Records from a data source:
++++++++

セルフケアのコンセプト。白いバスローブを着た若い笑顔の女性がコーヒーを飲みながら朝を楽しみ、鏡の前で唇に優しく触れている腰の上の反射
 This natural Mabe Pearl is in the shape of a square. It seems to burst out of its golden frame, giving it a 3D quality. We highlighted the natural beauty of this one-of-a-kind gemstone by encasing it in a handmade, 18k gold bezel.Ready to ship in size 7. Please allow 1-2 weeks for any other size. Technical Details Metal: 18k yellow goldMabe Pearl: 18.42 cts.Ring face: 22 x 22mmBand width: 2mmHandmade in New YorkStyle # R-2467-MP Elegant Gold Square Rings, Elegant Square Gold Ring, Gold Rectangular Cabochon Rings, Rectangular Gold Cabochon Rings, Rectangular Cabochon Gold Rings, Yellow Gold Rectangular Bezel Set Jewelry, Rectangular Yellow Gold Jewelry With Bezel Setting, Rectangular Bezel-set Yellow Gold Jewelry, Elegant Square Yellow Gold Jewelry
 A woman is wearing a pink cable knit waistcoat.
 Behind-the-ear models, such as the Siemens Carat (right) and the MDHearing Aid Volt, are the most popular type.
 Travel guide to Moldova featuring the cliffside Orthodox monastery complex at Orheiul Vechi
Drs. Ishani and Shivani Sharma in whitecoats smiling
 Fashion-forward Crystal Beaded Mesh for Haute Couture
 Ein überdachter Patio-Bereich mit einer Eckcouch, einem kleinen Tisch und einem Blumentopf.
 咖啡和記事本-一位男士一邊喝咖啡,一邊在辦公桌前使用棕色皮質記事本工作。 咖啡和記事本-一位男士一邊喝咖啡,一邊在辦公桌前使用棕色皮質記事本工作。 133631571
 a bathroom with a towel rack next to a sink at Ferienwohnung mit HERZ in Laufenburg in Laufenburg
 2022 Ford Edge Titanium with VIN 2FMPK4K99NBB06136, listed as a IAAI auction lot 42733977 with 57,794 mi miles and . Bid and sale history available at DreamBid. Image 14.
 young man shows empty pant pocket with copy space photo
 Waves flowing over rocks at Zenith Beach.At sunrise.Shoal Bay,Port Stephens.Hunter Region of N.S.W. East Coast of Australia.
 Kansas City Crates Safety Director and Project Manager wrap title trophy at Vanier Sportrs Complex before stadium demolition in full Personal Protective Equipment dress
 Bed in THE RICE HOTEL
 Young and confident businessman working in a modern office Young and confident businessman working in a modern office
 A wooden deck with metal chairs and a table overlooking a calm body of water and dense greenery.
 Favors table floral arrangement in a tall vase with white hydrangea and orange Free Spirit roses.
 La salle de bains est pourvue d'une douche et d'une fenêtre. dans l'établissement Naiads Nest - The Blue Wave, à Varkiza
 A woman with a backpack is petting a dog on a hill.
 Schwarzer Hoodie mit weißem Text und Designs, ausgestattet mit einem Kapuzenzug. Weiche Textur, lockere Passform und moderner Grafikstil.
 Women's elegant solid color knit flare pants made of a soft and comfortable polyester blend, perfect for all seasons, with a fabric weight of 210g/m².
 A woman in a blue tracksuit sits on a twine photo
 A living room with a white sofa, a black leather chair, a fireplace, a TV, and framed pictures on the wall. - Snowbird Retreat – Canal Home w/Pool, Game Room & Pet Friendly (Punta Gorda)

++++++++

Look above for the line that contains "Bed in THE RICE HOTEL". Starting there, transcribe every line exactly until you have copied the line that contains "Schwarzer Hoodie mit".

 Bed in THE RICE HOTEL
 Young and confident businessman working in a modern office Young and confident businessman working in a modern office
 A wooden deck with metal chairs and a table overlooking a calm body of water and dense greenery.
 Favors table floral arrangement in a tall vase with white hydrangea and orange Free Spirit roses.
 La salle de bains est pourvue d'une douche et d'une fenêtre. dans l'établissement Naiads Nest - The Blue Wave, à Varkiza
 A woman with a backpack is petting a dog on a hill.
 Schwarzer Hoodie mit weißem Text und Designs, ausgestattet mit einem Kapuzenzug. Weiche Textur, lockere Passform und moderner Grafikstil.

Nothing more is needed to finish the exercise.